A will is an order of a person to transfer the rights to his property after death to another person. There are times when the heirs do not agree with the contents of this document for one reason or another. Can a will be challenged? The legislation provides for such an opportunity.
As a rule, a will is drawn up with the participation of a notary, who must certify the validity of this unilateral transaction. Does he evaluate the condition? where the testator is located. If the latter completes the transaction in a drunken state or under the influence of narcotic drugs, or there are other reasons to believe that the testator cannot understand the meaning of the actions performed and manage them, then the notary must refuse to certify the document.

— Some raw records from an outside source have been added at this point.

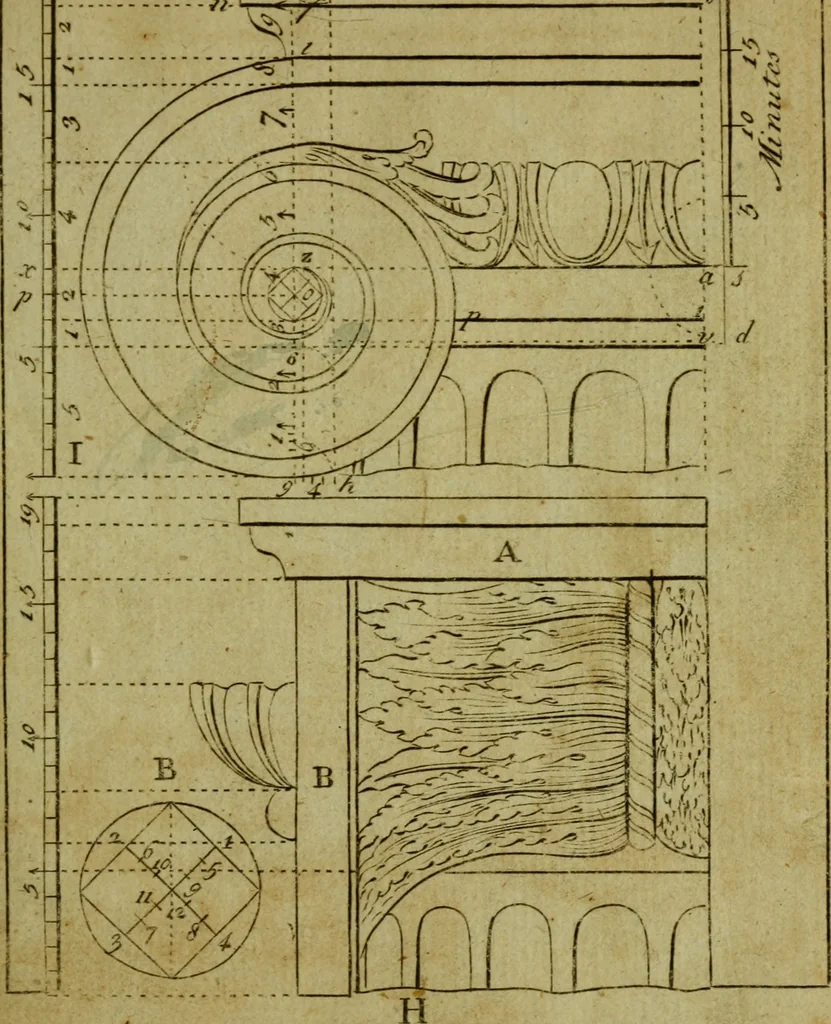 An illustration from The builder's jewel, or, The youth's instructor and workman's remembrancer : explaining short and easy rules, made familiar to the meanest capacity, for drawing and working, 1768, leaf 72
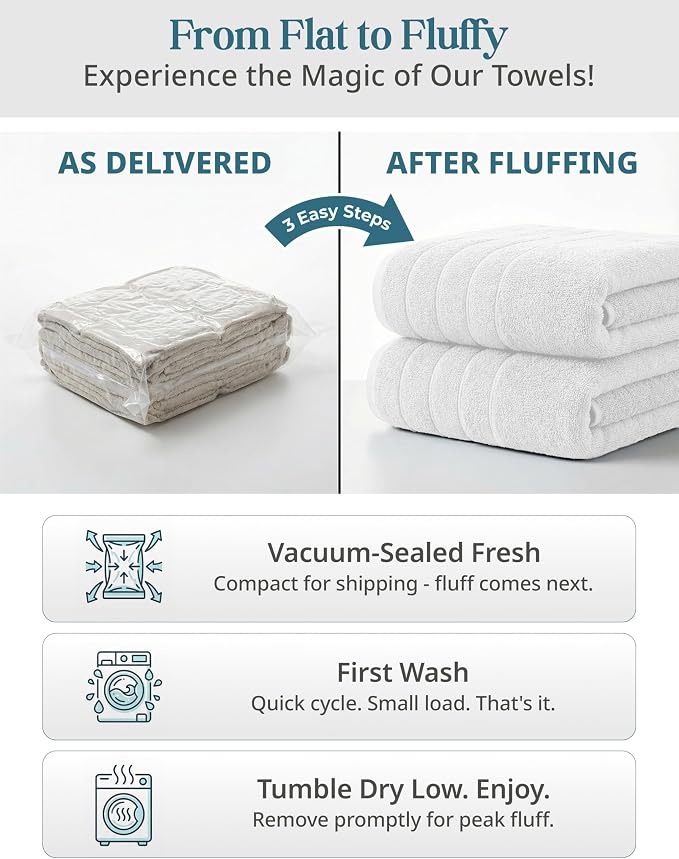 Casa Platino Bath Towel Set 100% Cotton 12 Piece Soft Absorbent - White | Bathroom Towels - Generously Sized, Oversized & Roomy, Lightweight & Breathable, Fade-Resistant Color, Classic Terry Weave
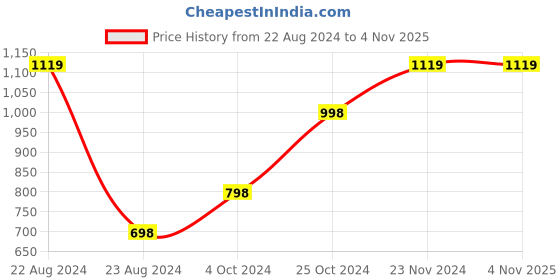 tatacliq.com Forever 21 Beige Cotton Striped Shirt forever 21 Price History Graph from 22 Aug 2024 to 3 Nov 2025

How to challenge a will? This is done in court by filing a statement of claim. Before the trial, you must first prepare and find evidence that confirms the plaintiff's rights to property. A statement may be made by persons whose interests are violated by will. If the court invalidates this document, inheritance occurs according to the law, in accordance with the order. First of all, the interests of children, spouse and parents are satisfied, then brothers and sisters, grandparents, and after that - more distant relatives.
It is possible to challenge a will not only as a whole. If necessary, certain provisions called testamentary dispositions are also contested. As a rule, this happens if the testator has disabled relatives (children, parents, spouse, etc.), as well as persons who are dependent on him, since they have the right to receive an obligatory share. In this case, the will is invalid only in this part, otherwise it is executed in accordance with the orders of the testator.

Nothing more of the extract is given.